La Rose et la Kalachnikov

 

Le soleil découpait crûment les ombres des immeubles éventrés en cavernes obscures. L’air était léger, le ciel transparent. Beyrouth, octobre 1978. Une fois de plus la violence, les rafales n’importe où, n’importe quand, les visages durcis aux barrages, les enlèvements. Quelques jours plus tôt, à midi, explosait une voiture piégée en quartier chrétien : 25 morts, une centaine de blessés. Et dix minutes plus tard, une autre, au même endroit, soufflait ambulances et secouristes, broyait la foule : 135 morts et des blessés par centaines.

Le même jour des fusées atteignaient le quartier général des Palestiniens, explosaient au centre des camps de Sabrah et Chatilah, femmes, enfants, personnes âgées.

La peur s’était à nouveau emparée de la ville, voilait les regards, nouait les nerfs, enveloppait le soleil, la mer et le ciel bleus d’une tristesse inexorable.

Cette fois les écoles n’avaient pas fermé. Mais les parents tremblaient.

Jacqueline enseigne le Droit social à l’Université libanaise. Elle revient de son cours, entre chez elle, il est quinze heures. Elle n’a pas faim. La moitié de ses étudiants combat, elle le sait, ils ont disparu depuis cette dernière voiture piégée, aucun chrétien ne se risque plus en secteur musulman. Elle vit dans un quartier en principe protégé, trop près à son goût de la rue de Damas, ‘frontière’ entre les deux secteurs depuis le début des ‘événements’.

Roger, son mari, travaille pour une cellule des Nations Unies chargée des réfugiés palestiniens, l’UNWRA.

Quinze heures. Jacqueline écoute les bruits du quartier. Un enfant pleure. Beaucoup font la sieste. Un forgeron ou un mécanicien tape au loin sur une pièce de métal.

Accoudée à la fenêtre elle regarde distraitement cette ville insensée où depuis deux ans elle assiste, impuissante, aux conséquences de la déraison des hommes, de leur fanatisme, de leurs appétits. Capitale d’un non-pays, Beyrouth offre aux regards ses ruines, ses maisons éventrées, ses façades criblées et aussi ses hôtels de luxe, ses grands édifices, ses installations balnéaires. Tout et son contraire. Sachant qu’elle ne comprendra jamais, elle laisse la chaleur du soleil engourdir les paupières de ses yeux mi-clos (ou ses paupières mi-closes), et s’abandonne à la brise de la montagne qui lui apporte des effluves de thym sauvage auxquels se mêlent les odeurs de la cour du voisin, café et viande grillée.

Il y a un peu plus de conversations que tout à l’heure, et ces voix qui montent des rues, des cours, des terrasses, ajoutent à cet improbable bien-être qui amollit son corps et son cerveau. Une odeur de cigarette, la voix magique d’Oum Khalsoum à la radio, le miroitement de la mer au loin qui occulte la façade aveugle et béante du Saint-Georges.
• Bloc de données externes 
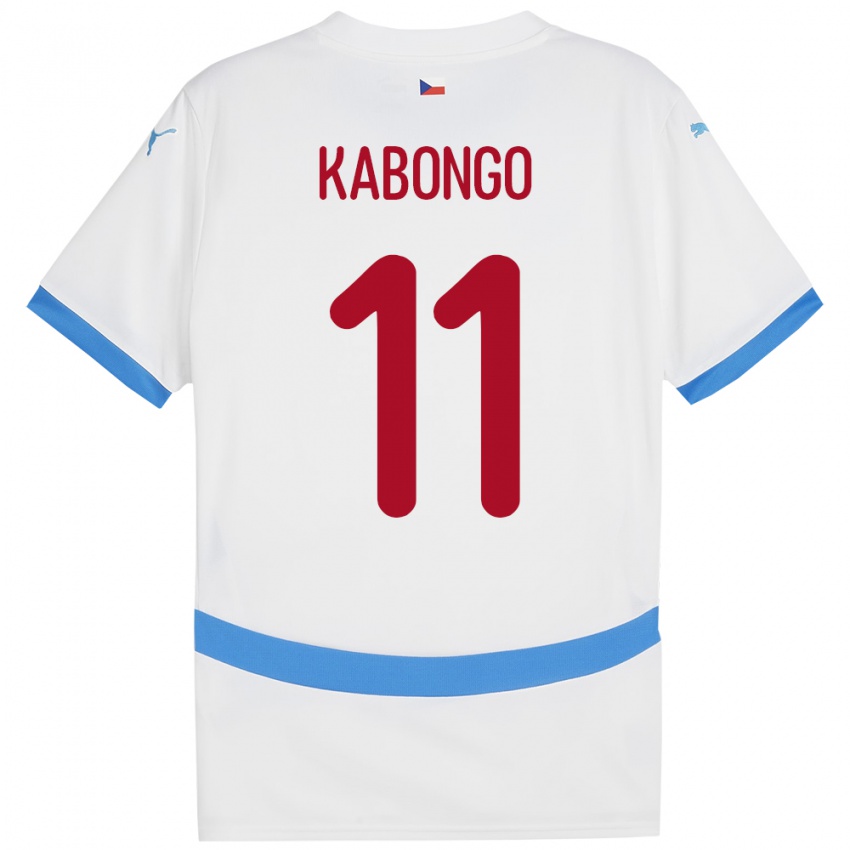 Bambino Maglia Cechia Christophe Kabongo #11 Bianco Kit Gara Away 24-26 Maglietta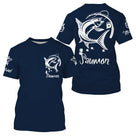 T-shirt col rond pêche saumon bleu marine lettrage Saumon en blanc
Soudain, une galopade, deux, trois, des cris. Sous sa fenêtre, un adolescent est poursuivi. Il se retourne. La rafale crépite. C’est le silence.

Total. Suspendu.

Un jeune homme est étendu, face contre terre, dans son sang, après deux soubresauts son corps se raidit. L’adolescent brandit son arme, il ne hurle pas, un sourire traverse son visage, ses yeux brillent, toujours le silence.

Jacqueline reconnaît Charles, son étudiant, le sien. Non, elle se trompe, pas lui, ce n’est pas possible. Elle crie. Il lève les yeux vers elle. C’est bien lui. Elle crie plus fort, se détourne, traverse en courant l’appartement, dévale l’escalier. Charles est dans l’entrée, immobile, penaud, son arme qui pend au bout du bras.

Elle l’insulte, elle crie, elle pleure, elle gesticule en tous sens. « Pas toi, pas toi, Charles, pas toi, pourquoi tu as fait ça, pourquoi, Charles pourquoi, réponds-moi, réponds, réponds... reviens Charles, Charles reviens ! »

Il est sorti en courant, la kalachnikov est inerte sur le sol comme le jeune homme dans la rue que personne n’a encore eu le temps d’approcher.

Elle se demande si elle ose regarder par la porte d’entrée restée ouverte quand Charles réapparaît, souriant, les yeux brillants, une rose à la main. « Pour vous, Madame, je ne veux pas voir pleurer mon professeur, je ne veux pas que vous pleuriez à cause de moi, pas vous, Madame. »

Elle a un hoquet, elle est tétanisée. Jacqueline est immobile au bas de l’escalier, une rose à la main. Charles est reparti, avec la kalachnikov, son sourire et ses yeux qui brillaient.